_What you have to do_:
Go through the entries and say how many lines contain the string "original". The number is the whole answer.
BEGIN Records for this exercise
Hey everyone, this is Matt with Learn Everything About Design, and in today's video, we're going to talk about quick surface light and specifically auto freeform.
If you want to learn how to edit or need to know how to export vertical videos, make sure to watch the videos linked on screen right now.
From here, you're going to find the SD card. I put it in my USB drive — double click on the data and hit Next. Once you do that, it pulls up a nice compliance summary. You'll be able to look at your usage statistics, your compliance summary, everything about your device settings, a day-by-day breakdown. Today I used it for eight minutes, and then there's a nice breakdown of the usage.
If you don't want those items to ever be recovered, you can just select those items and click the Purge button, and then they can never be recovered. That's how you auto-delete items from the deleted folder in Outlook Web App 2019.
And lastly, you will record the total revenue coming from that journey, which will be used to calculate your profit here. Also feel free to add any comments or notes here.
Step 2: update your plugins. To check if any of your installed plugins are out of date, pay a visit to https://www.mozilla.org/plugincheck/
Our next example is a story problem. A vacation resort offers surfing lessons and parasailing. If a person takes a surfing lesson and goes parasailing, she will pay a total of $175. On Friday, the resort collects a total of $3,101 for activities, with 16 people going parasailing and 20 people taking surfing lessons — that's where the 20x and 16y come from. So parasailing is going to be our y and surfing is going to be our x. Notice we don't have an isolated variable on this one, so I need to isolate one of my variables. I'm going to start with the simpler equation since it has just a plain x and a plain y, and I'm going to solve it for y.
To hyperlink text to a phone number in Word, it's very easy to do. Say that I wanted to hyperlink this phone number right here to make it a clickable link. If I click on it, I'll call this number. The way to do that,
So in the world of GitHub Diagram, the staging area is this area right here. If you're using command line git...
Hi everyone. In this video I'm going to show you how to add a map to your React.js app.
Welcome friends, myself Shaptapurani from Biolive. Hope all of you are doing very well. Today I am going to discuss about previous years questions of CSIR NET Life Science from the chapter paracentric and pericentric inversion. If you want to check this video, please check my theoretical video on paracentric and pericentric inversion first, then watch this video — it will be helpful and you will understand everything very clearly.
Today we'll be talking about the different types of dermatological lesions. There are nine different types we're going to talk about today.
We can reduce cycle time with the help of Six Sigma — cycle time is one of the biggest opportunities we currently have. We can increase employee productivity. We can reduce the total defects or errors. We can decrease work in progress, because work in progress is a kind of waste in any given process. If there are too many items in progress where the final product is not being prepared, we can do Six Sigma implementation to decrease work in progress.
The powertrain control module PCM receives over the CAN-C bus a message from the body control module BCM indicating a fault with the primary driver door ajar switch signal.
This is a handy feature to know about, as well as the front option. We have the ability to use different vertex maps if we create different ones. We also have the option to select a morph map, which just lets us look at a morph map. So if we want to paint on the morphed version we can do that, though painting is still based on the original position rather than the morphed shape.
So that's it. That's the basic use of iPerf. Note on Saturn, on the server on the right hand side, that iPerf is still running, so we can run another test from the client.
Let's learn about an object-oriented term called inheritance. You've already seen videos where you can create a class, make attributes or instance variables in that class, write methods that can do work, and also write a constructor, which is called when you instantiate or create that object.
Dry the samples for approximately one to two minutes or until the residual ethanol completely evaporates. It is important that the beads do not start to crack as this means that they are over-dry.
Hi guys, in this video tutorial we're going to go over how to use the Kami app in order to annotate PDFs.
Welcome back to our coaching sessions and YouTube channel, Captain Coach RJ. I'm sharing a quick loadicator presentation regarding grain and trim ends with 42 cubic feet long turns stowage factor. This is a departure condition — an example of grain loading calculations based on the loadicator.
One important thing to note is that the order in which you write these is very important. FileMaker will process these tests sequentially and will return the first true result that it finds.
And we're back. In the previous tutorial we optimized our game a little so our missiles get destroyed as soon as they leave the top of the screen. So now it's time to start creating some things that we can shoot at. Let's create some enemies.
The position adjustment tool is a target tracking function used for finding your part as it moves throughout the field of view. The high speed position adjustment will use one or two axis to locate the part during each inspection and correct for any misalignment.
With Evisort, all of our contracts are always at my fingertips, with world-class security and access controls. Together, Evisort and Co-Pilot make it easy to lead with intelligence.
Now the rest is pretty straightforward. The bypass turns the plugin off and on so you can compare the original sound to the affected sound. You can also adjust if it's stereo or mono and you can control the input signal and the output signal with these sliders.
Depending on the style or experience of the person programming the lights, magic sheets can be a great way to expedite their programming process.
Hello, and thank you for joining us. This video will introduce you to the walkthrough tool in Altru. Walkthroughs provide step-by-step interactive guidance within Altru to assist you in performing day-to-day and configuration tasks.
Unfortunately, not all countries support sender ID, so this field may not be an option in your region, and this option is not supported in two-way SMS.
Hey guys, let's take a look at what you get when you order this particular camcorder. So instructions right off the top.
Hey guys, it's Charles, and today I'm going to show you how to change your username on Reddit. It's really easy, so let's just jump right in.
END Records for this exercise
_Exercise solution_:
2